Data segment:
== Segment start ==

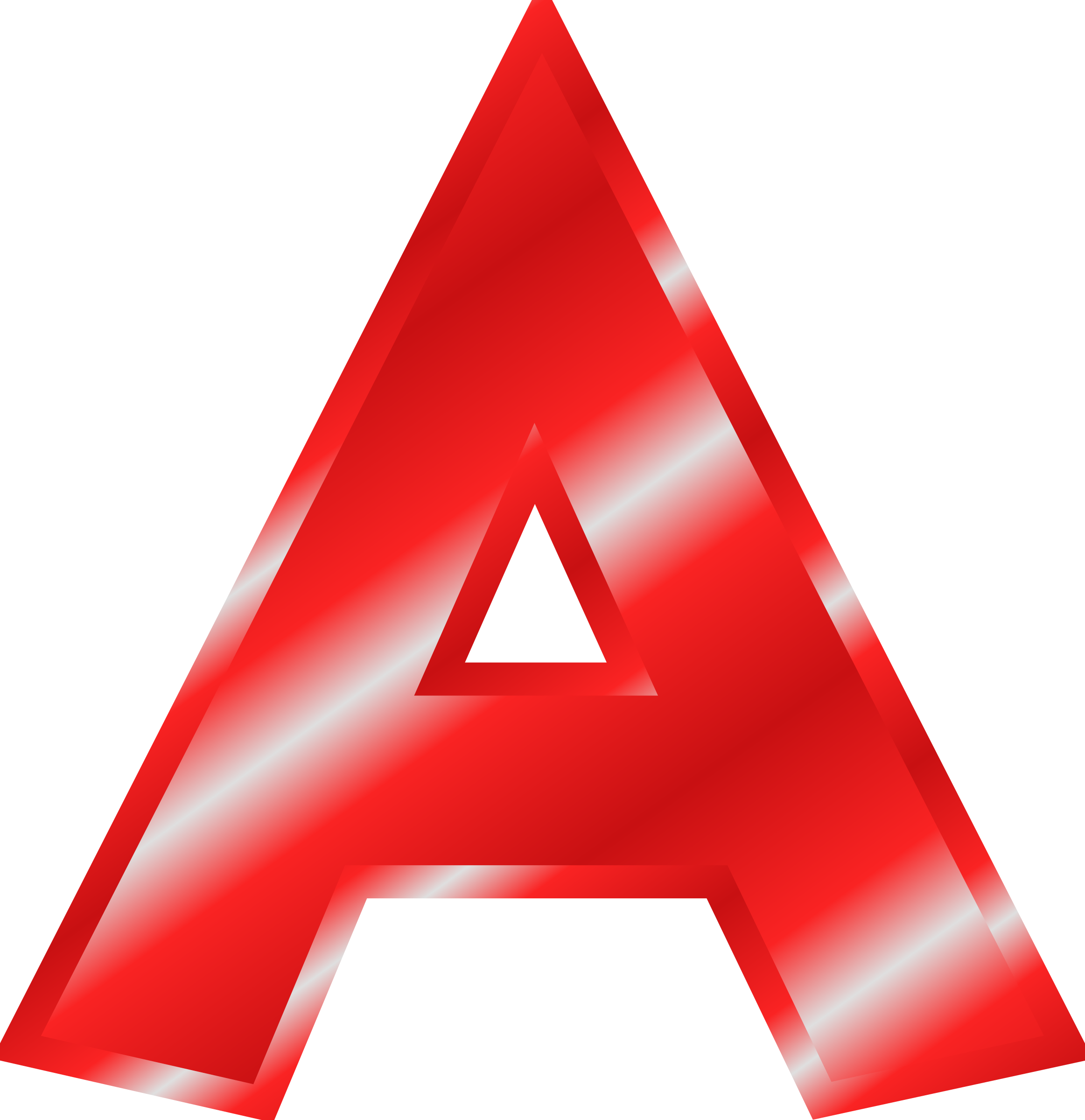 Clipart - Effect Letters Alphabet red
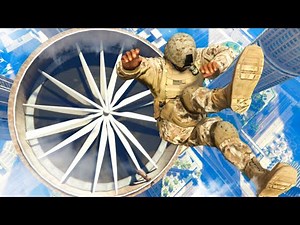 GTA 5 Funny/Crazy Ragdolls Episode 5 (Army Franklin)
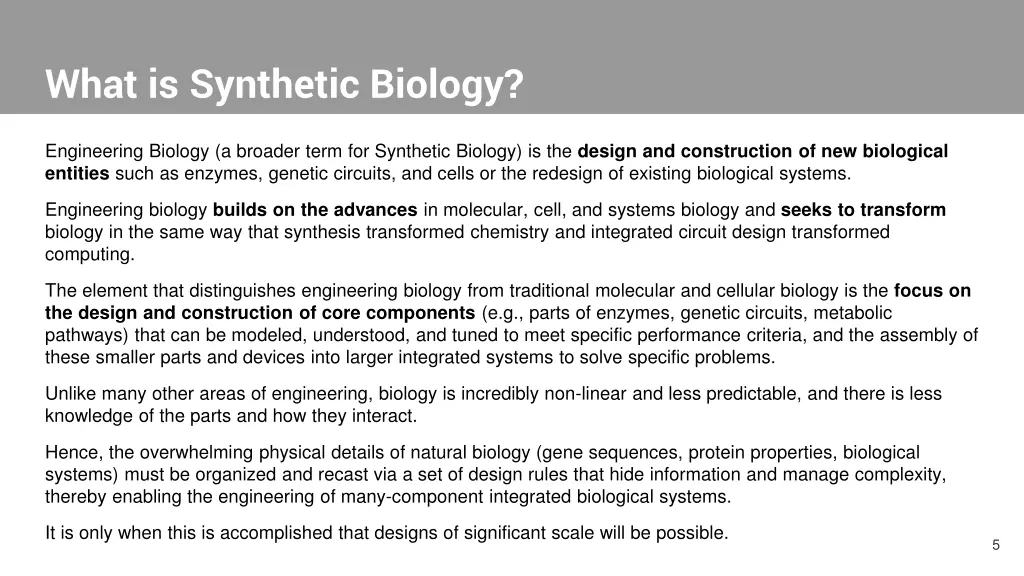 what is synthetic biology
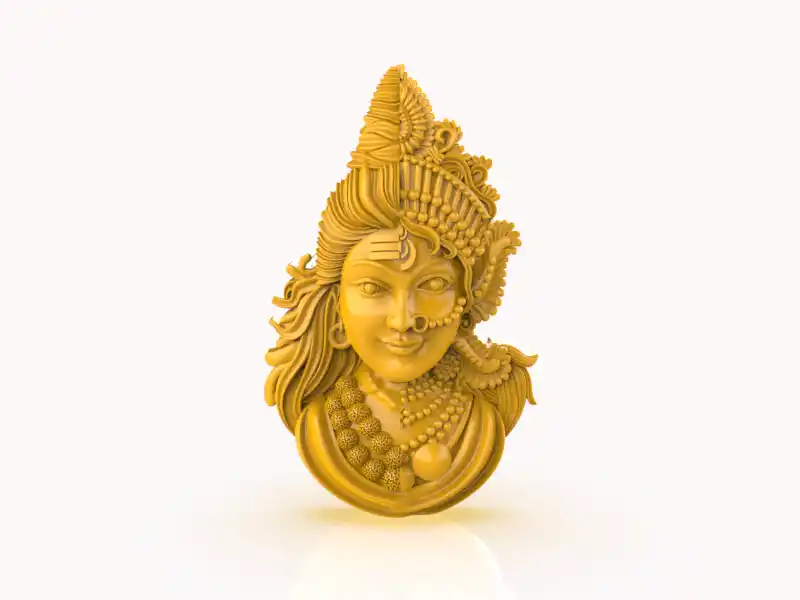 Ardhanarishvara pendant file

== Segment end ==

What the exercise asks: All that belongs in the answer is the exact run of lines from the line containing "GTA 5 Funny/Crazy" to the end of the listing above, pictures removed.

Solution to this task:
 GTA 5 Funny/Crazy Ragdolls Episode 5 (Army Franklin)
 what is synthetic biology
 Ardhanarishvara pendant file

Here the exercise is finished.